Base on existing implementations, you should be able to achieve reasonable speed-up by using GPU. What you need to do is analyze the kernels (in src/ of the reference implementation) and port them to GPU when you think it is appropriate.


Hand in your assignment by sending the following things to d.she _at_ and _at_

Your grade depends on three things: the result of your code, the quality of your report and the oral exam.

Functional Requirements

The correctness of your GPU code should be verified. Your GPU code should generate the same result as the CPU code. Some handy programs such as "diff", pre-installed in Linux and freely available for Windows, can do the check. We also provide a match.c, from which you can build a keypoint checking tool. In principle the error should be well below 1%.

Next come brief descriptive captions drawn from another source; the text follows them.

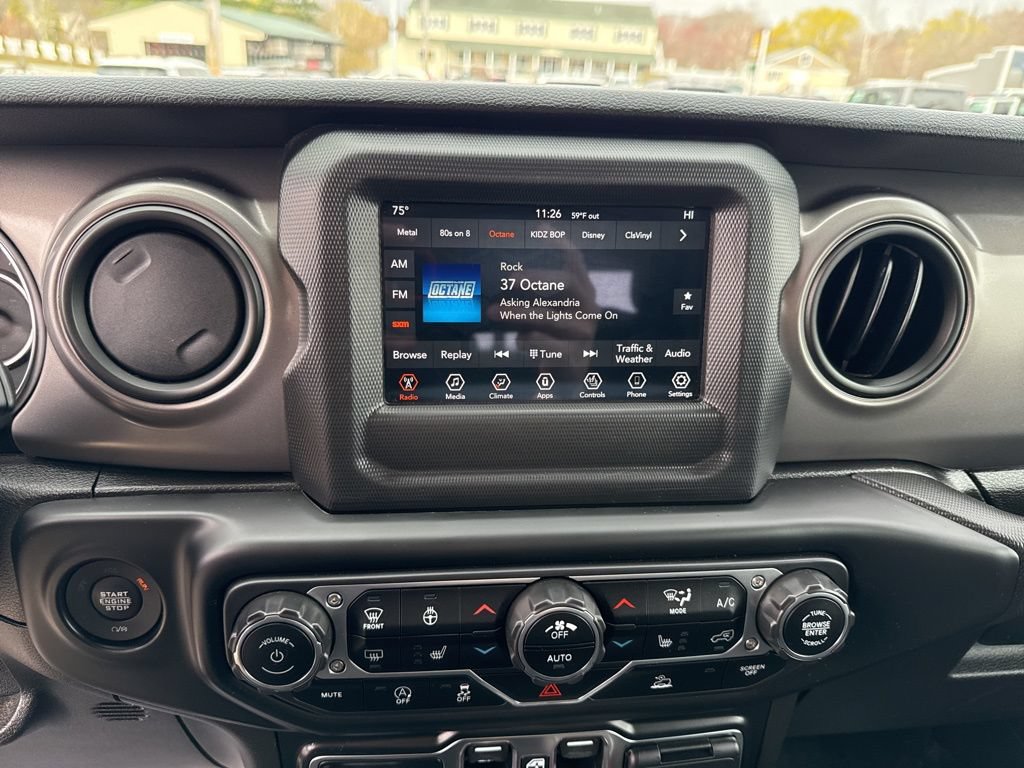 Certified 2021 Jeep Gladiator Sport AWD/4WD image 12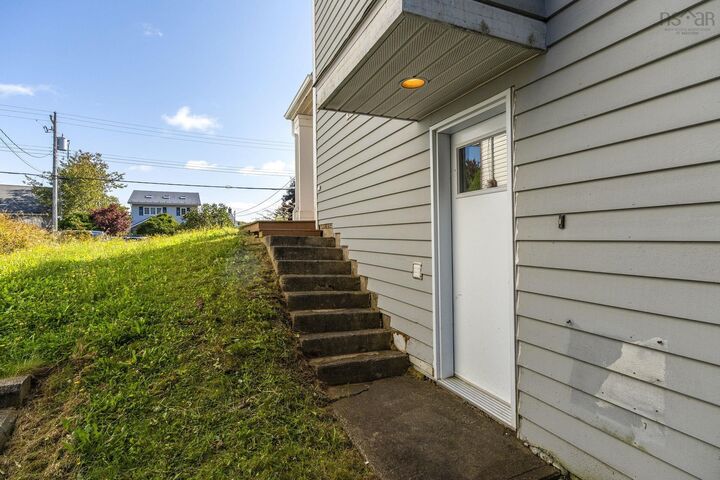 Property Photo:  53 Governors Lake Drive  NS B3T 1N2 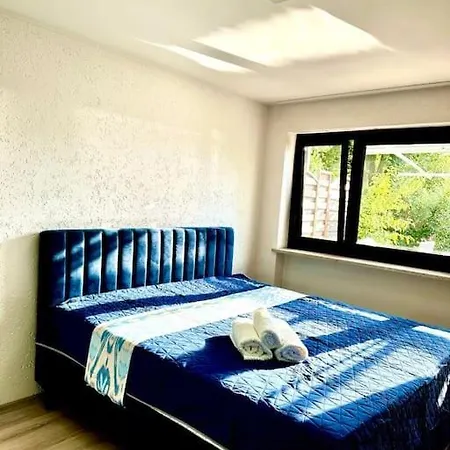 アパート Zuhause! Mit Garten *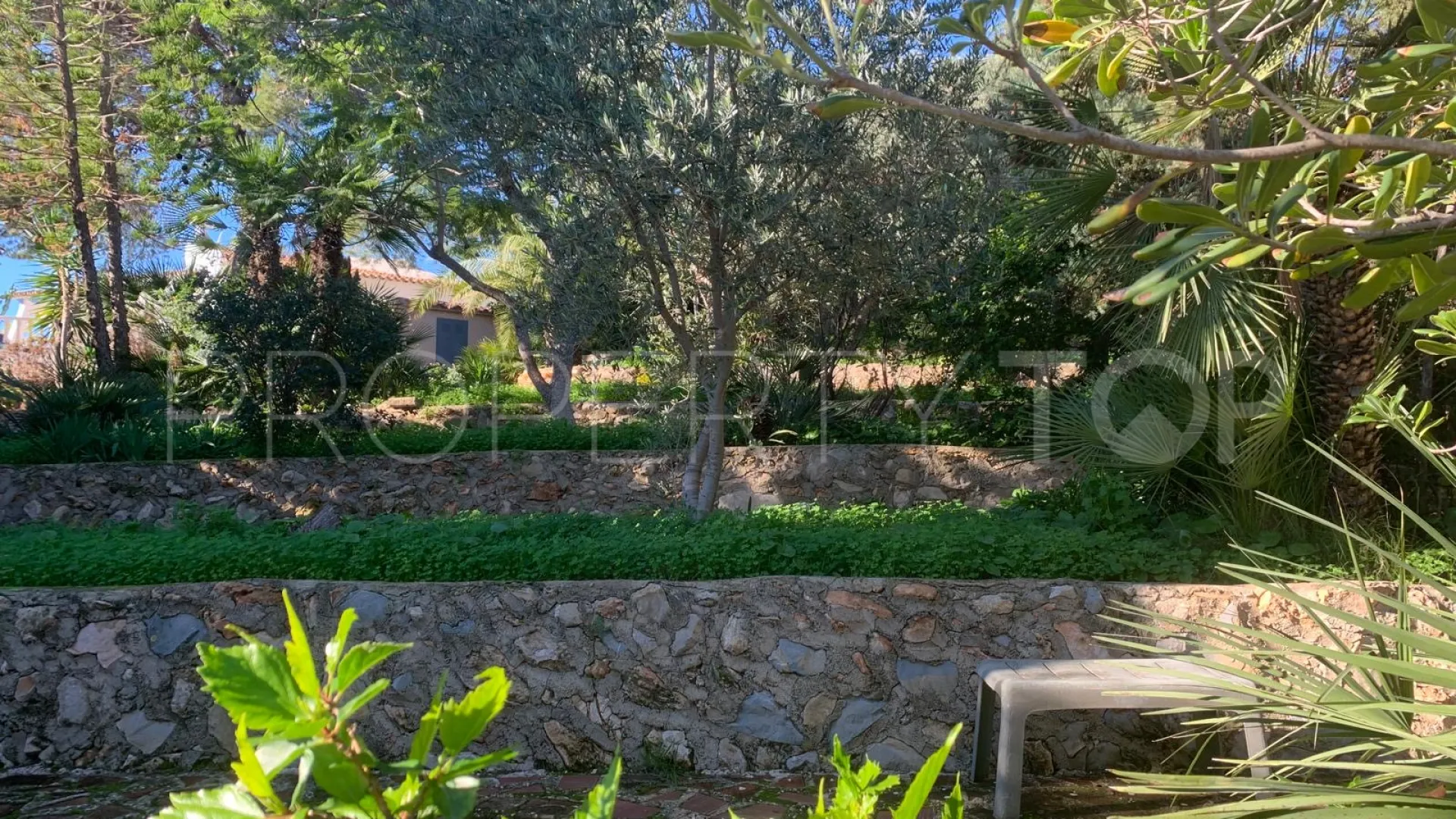 Buy villa in Moraira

You DON'T have to copy the result of a GPU kernel back to the system memory unless you need to use it on CPU. So you only need to make sure the final result is available in the system memory. And keep in mind that in most cases the copying between host and device is costly!

Report Requirements

Your report that includes the following things:

  1. The structure of your implementation: thread organization, memory mapping, etc. Please explain the reasoning behind your choices clearly, and use sufficient data to support them.
  2. For each optimization method you have performed, benchmark the effect of such method, in a way similar to this figure in the matrixMul example. Are these optimization methods as effective as you expected? Why or why not?
  3. Benchmark results of all the test images (you can try more image sizes if you want)
    • Basic requirement: the time used to process the image. At least two cases: CPU-only and GPU-accelerated.
    • You should benchmark the complete operation, except the file I/O. In particular, the overhead of data transfer between host and device should be included, or measured separately.
    • Try to explain the results.
    • If some images cannot run on GPU, try to explain the reason.
    • Remark: you should avoid the "warm-up" overhead, see the known issues page for more information.
  4. If it is a group report, the contribution of each member should be clearly stated.

The deadline for this assignment is Dec 18, 2011.